Each of us has sat around the dinner table and experienced the universal fantasy of how we would spend lottery winnings. That life changing moment when our winning numbers are drawn and a good 80% or more of life’s problems simply disappear.

What would you do if that really happened to you? Would you go after the big house and car, give tons to charity, stiff your brother-in-law, or just blow it all having an amazing year?

What does “Luck” have to do with it anyway?

Luck. Being in the right place at the right time? Or, are some people just luckier than others? Take the case of Bob Jaracz. During the Korean War, Bob’s plane was shot down — he survived. Lucky. But, he was captured by North Koreans and spent time as a POW. Not Lucky. But, he escaped, lucky again.

In 2005, Bob won $1.1 million in the New Hampshire Megabucks game. Lucky again. For most people, that would be more than enough luck, but not for Bob. In 2009 he won again. This time he won $1,000 a week for 20 years. That’s what I’d call job security.

Do the Numbers Matter?

Our lives are filled with numbers. Do they have special powers? Do certain numbers come up more often than others? Should you pick quick picks or pick your numbers and stick with them? If your numbers never win should you keep playing the same ones over and over?

Darren Morgan and Graham Muir from Dalkeith, Scotland played the same numbers in every lottery for five years and never won anything. So, they decided to pick new numbers and guess what? They won. Not with their new numbers but their old ones. Even though they played new numbers they could not give up the old ones. Can you imagine if they had not played the old ones too?
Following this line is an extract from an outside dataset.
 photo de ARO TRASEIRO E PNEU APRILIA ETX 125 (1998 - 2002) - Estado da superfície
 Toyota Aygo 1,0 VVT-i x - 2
What about taxes and payouts?

Most large lottery jackpots give you the option of a lump sum payout, usually half the winning amount, or payments, usually over a 20-25 year period. Which is the better option?
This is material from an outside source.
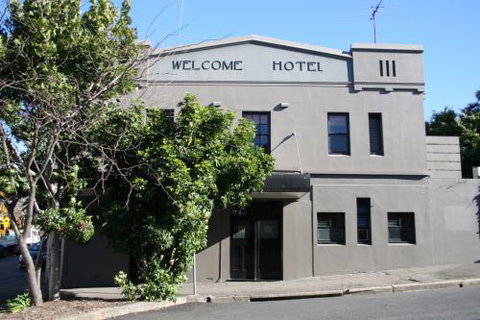 Welcome Hotel - Accommodation Cairns 0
Most money managers agree that taking the payments is the smarter decision. Lump sum payments have huge tax consequences right away and can also cause estate taxes down the road. With payments, it’s possible, in some states, to pass the payments on to heirs in case of death.
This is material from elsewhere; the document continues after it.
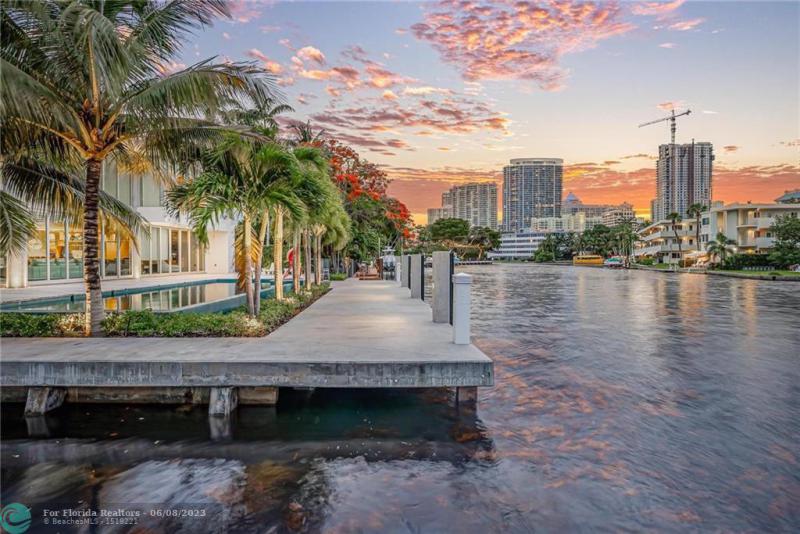 Single Family Homes Photo 4:  Fort Lauderdale,  FL 33301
The other primary reason most people favor payments is discipline in handling money. Many lottery winners who have never had money blow through it in a matter of a few months and end up with astronomical debts and eventual bankruptcy. Learning to handle money over time will give the winners a better chance of adapting their lives to more success over time.

Some Final Thoughts

I must confess that I am an infrequent lottery player. I have won $300 twice in my lottery life. I have won $2 to $5 numerous times. So I guess you could consider me a lottery winner too.  Many refer to the Lottery as the poor man’s retirement plan. But gambling or not, it’s fun to imagine sticking your ticket in that little red machine and seeing, “Winner! Please See Cashier.”